Worum geht es? Über Ostern haben Verkehrskadetten auf der Hauptstrasse der San-Bernardino-Strecke vor den Dörfern Autos gestoppt und künstliche Staus erzeugt. Wer die A13 wegen des Staus und auf Empfehlung seines Navigationsgeräts verliess, geriet also sofort wieder in einen Stau. Den erkannten die Navigationssysteme und leiteten die Autofahrenden nicht mehr von der Autobahn ab. Das sollte die Dörfer vor der Blechlawine schützen, von der sie wegen den Umleitungsempfehlungen oft überrollt werden.
Wieso verzichten Navi-Anbieter bei Stau nicht auf die Ausweichrouten-Empfehlungen? Technisch könnten sie das, aber sie haben daran wenig Interesse. Anders das Bundesamt für Strassen (Astra): Es wünscht sich schon länger mehr Flexibilität bei extremen Staus. Der Zugang zu «Tech-Riesen» sei aber nicht einfach, und zwar nicht nur bei Google. Das Anliegen, Ausweichverkehr zu vermeiden und die Anliegergemeinden zu entlasten, stehe dem Geschäftsmodell der Navi-Anbieter diametral entgegen. Eine GLP-Nationalrätin brachte vor bald einem Jahr deshalb die Idee ins Spiel, Ausweichrouten zu verbieten und Navigationsgerätehersteller per Gesetz zu einer intelligenten Verkehrslenkung zu verpflichten.
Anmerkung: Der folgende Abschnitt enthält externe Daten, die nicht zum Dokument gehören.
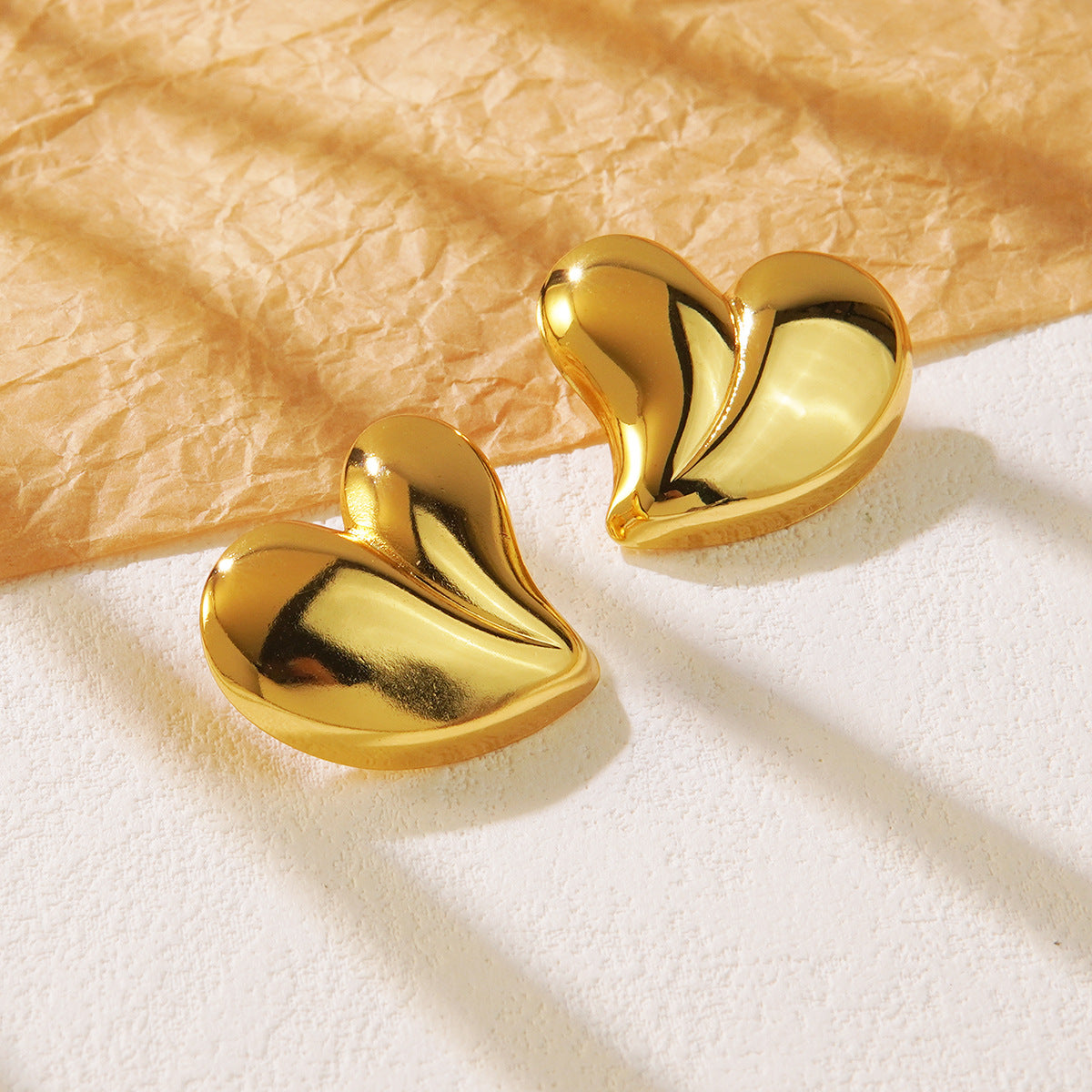 Vintage Luxury Heart Shaped Stainless Steel Stud Earrings for Women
Wie funktionieren Navis überhaupt? Navigationssysteme basieren auf jeder Menge Daten in einem sogenannten Netzwerk-Graph. In diesem hat es Kanten, die Strassen und Wege – und Knoten, die Kreuzungen. Über «Graphen» denken Mathematikerinnen schon seit über 200 Jahren nach. Erfunden hat sie der Schweizer Leonhard Euler. In die Netzwerkgraphen der Navigationsdienste fliessen neben Kanten und Knoten jede Menge weiterer Informationen: Geschwindigkeitslimits, Links- oder Rechtsabbiege-Stellen, Tunnels, Brücken, Beschaffenheit des Strassenbelags und vieles mehr.
Wieso wissen Navis trotz ausgefeilter Modelle doch nicht immer Bescheid? Das Problem: Google und die anderen Anbieter sind bestens darin, ihre Netzwerk-Graphen zu programmieren, die Algorithmen zu optimieren und viele Daten zu erfassen, die frei verfügbar und kostenlos sind. Sie erfassen in der Regel aber nicht aktiv in allen Regionen alle Details für ihre Modelle. Vor allem nicht Informationen, die sich schnell ändern, wie etwa eine temporäre Sperrung der Hauptstrasse durch ein Dorf wegen eines Festes. Solche Lücken führen immer wieder zu teils kuriosen Navigationsanweisungen. Wie dann, wenn ein 40-Tonnen-Lastwagen im Nebel im Rhein strandete, weil die Navigation dachte, die einst vorhandene Brücke sei noch da.
Was können wir dagegen tun? Die Anbieter aktiv mit Informationen füttern. Österreich macht vor, wie das gehen kann. Das Projekt Evis ermöglicht es Städten oder Gemeinden, Daten zur Verkehrslage oder Ereignismeldungen zu erfassen – wie etwa, dass eine schmale Brücke über den Fluss durch eine Ortschaft eben nicht für einen 40-Tönner geeignet ist. Auch wenn dies Google Maps vorschlägt. Die Navigationsanbieter können diese Daten kostenlos und automatisiert von der Plattform laden und in ihre Modelle integrieren.
Das Fazit. Navigationssysteme müssen wir aktiv steuern und beeinflussen – ihnen Daten liefern, wenn wir möchten, dass sie Routen in unserem Sinne berechnen. «Aktiv beeinflussen» kann längerfristig aber nicht bedeuten, dass es künstliche Staus wie jene entlang der A13-Hauptstrasse braucht.